Professor Thomas Borody is urging health authorities to adopt his proposed tri-treatment, using Ivermectin, to treat COVID-19 patients in Australia. Picture: Supplied
Professor Thomas Borody is urging health authorities to adopt his proposed tri-treatment, using Ivermectin, to treat COVID-19 patients in Australia. Picture: Supplied

A handful of South American countries have deployed Ivermectin as both a treatment and preventive measure after early laboratory research indicated it may eliminate COVID-19.

Professor Borody believes the combination of three approved 'off the shelf' drugs could be a "cure".

But experts have cautioned that any declarations of a coronavirus cure or treatment should be "taken with a grain of salt" given trials for a number of theorised medicines are in their early stages.

When asked about the drug's potential in treating coronavirus, Dr Ian Musgrave, a molecular pharmacologist from the University of Adelaide, said: "Oh no, not Ivermectin."

"No, it's not a cure for COVID-19," Dr Musgrave added.

"It works in test-tube experiments, but is unlikely to work clinically as it is hard to achieve effective plasma concentrations. No clinical trials data are available yet and in the absence of any public data, claims of the high efficacy are to be taken with a grain of salt."

Concerns have also been raised about some of the Ivermectin trials, with warnings that rushing it to human use might do more harm than good in coronavirus cases.

That hasn't stopped Professor Borody writing to both the Federal and Victorian Government urging authorities to heed his advice.

The Daily Telegraph today reported that those pleas have fallen on deaf ears and described Professor Borody as having "invented an effective, cheap, readily available treatment for COVID-19 and his own country ignored him".

"I wrote to the federal and state governments," he told the newspaper.

"I wasn't even responded to … It got to a certain level of the fortress, but I don't think it got to the decision-makers. You can see how frustrating it is, whereas a big state of India says 'let's use it'."

Australia hasn't exactly ignored Ivermectin, with a joint study by Monash University and The Doherty Institute back in April first sparking excitement about the drug.
 

Their early stage laboratory research showed Ivermectin had an effect on COVID-19 after just one exposure to the anti-parasitic medication. The initial results were published on April 3.

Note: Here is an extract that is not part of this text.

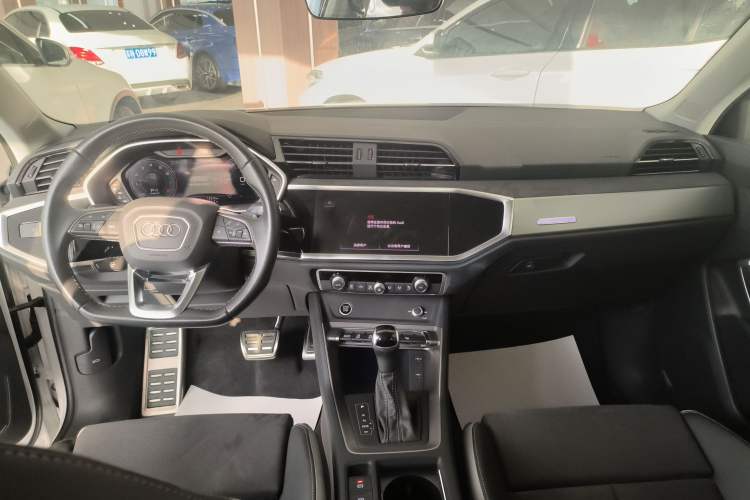 Used Audi Q3 2023 40 TFSI Fashion Dynamic Model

Dr Kylie Wagstaff from the Monash Biomedicine Discovery Institute's Dr Kylie Wagstaff, who led the study, said at the time the results were astounding but stressed it was early days.

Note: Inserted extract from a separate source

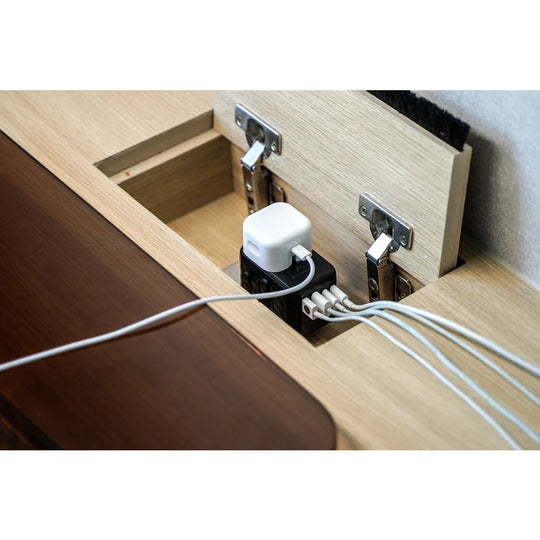 TravlMate 70W Universal Travel GaN Charger - International Adapter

"Ivermectin is very widely used and seen as a safe drug. We need to figure out now whether the dosage you can use it at in humans will be effective - that's the next step," Dr Wagstaff said.

Dozens of clinical trials were launched in multiple countries soon after.

Monash has received government funding to continue its research into the drug.

But concerns were raised soon after the Monash paper's publication about the "false hope" it might provide.

"Using the highest possible dose that's been studied in a human, it's 10 to 30 times short of where it needs to be," Professor Mark Sullivan, managing director at vaccine development company Medicines Development for Global Health, told The Age.

"You will hit safety problems far sooner than you will hit efficacy."

The journal that originally published the early findings has since published letters from other scientists cautioning about Ivermectin.

 

 

Professor Borody said he has reviewed the research, as well as the results of early trials abroad, and is confident his proposed tri-treatment is safe.

He also made the bold claim that it could be the "fastest and safest way" to halt the outbreak in Victoria, potentially in as little as four weeks.

"If nothing else, make it available in aged care homes immediately," he said.

"Our elderly are at the highest risk and this is a very safe option especially when we have nothing else except ventilators.

"Also, our frontline workers deserve more protection with a preventive medication like this, and as emergency treatment if they test positive.

"An Ivermectin tablet can cost as little as $2 - which could make it by far the cheapest, safest, and fastest cure for Australians and the Australian economy."